Senator Destita Ajak Masyarakat Selamatkan Harimau Sumatera

- Reporter

Selasa, 29 Juli 2025 - 12:39 WIB

facebook twitter whatsapp telegram line copy

URL berhasil dicopy

facebook icon twitter icon whatsapp icon telegram icon line icon copy

URL berhasil dicopy

Foto : Anggota DPD RI Dapil Bengkulu, Apt. Destita Khairilisani, S.Farm., MSM., menjadi narasumber dalam peringatan Global Tiger Day Bengkulu 2025 yang digelar di Tempua

Foto : Anggota DPD RI Dapil Bengkulu, Apt. Destita Khairilisani, S.Farm., MSM., menjadi narasumber dalam peringatan Global Tiger Day Bengkulu 2025 yang digelar di Tempua

ReporTimeNews, Bengkulu : Anggota DPD RI Dapil Bengkulu, Apt. Destita Khairilisani, S.Farm., MSM., menjadi narasumber dalam peringatan Global Tiger Day Bengkulu 2025 yang digelar di Tempua, Kota Bengkulu, Selasa (29/7). Kegiatan yang mengusung tema “The Final of King’s Trail, It’s Time to Act” ini menekankan pentingnya aksi nyata untuk melestarikan Harimau Sumatera yang kini terancam punah.
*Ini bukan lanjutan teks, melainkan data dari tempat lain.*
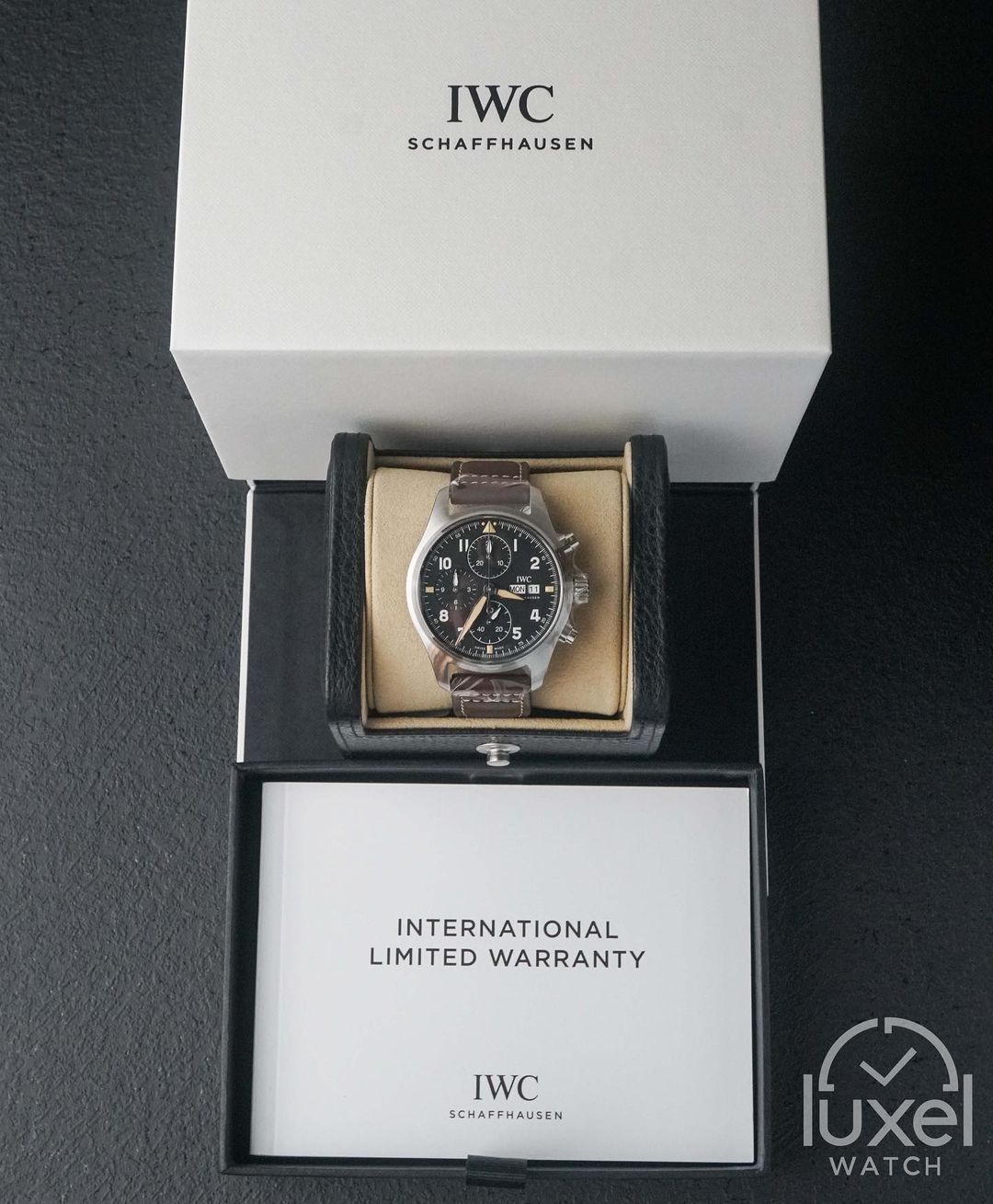 IWC Pilot’s Watch Chronograph Spitfire IW387903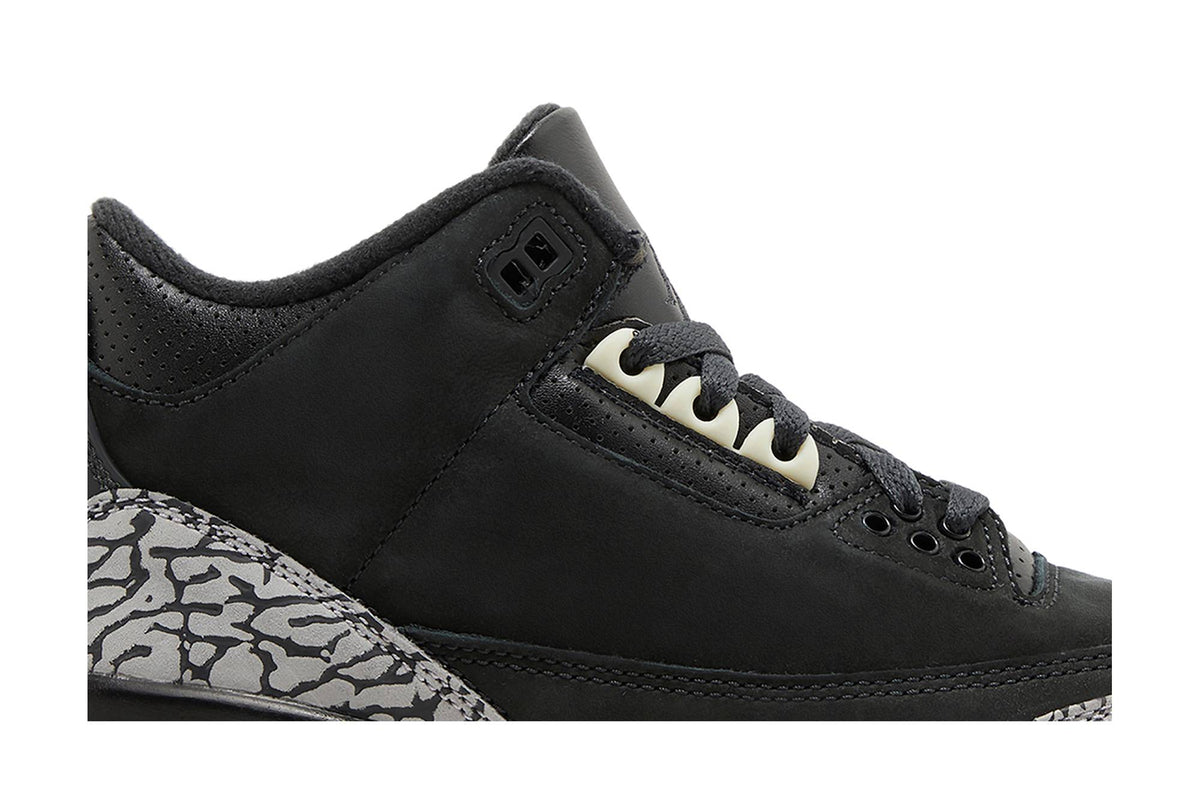 ( Women ) Air Jordan 3 'Off Noir' CK9246-001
Dalam sesi talk show, Destita menyampaikan keprihatinannya atas kondisi Harimau Sumatera yang populasinya diperkirakan tak lebih dari 400 ekor.

“Tantangan kita hari ini adalah bagaimana menjaga agar harimau tidak menyusul Harimau Jawa dan Harimau Bali yang sudah punah. Ini PR kita bersama,” tegasnya.

Ia menekankan perlunya kolaborasi berbagai pihak mulai dari masyarakat, pemerintah daerah, provinsi, hingga pusat untuk menyelamatkan satwa langka tersebut.

“Kita tidak bisa saling tunjuk kewenangannya. Harimau adalah hewan yang sangat cantik dan ikonik. Bahkan sampai difilmkan seperti ‘Manusia Harimau’ karena saking melegendanya,” ujarnya.

Destita juga mengingatkan konflik antara harimau dan manusia seringkali terjadi karena habitat satwa tersebut rusak. Ia mencontohkan legenda masyarakat di Kepahiang yang dulu sering melihat harimau masuk desa lantaran habitat aslinya yang dijadikan permukiman.

“Kalau habitat mereka rusak, wajar mereka turun. Maka habitatnya harus kita lindungi,” katanya.

Sebagai anggota DPD RI, Destita menyatakan komitmennya untuk mendorong aspirasi masyarakat, khususnya terkait regulasi pelestarian lingkungan.

“Kami siap menyuarakan perlunya undang-undang perlindungan sumber daya alam, termasuk konservasi harimau. Apalagi saya di Komite III yang bermitra dengan sektor pendidikan,” ucapnya.

Destita menambahkan pentingnya edukasi sejak dini agar anak-anak tumbuh dengan kesadaran mencintai dan menjaga alam.

“Jangan sampai anak-anak kita cuma tahu harimau dari gambar. Di Bengkulu ini tidak ada kebun binatang yang representatif. Saya membayangkan cucu saya nanti hanya bisa melihat harimau dari televisi, itu sedih sekali,” katanya.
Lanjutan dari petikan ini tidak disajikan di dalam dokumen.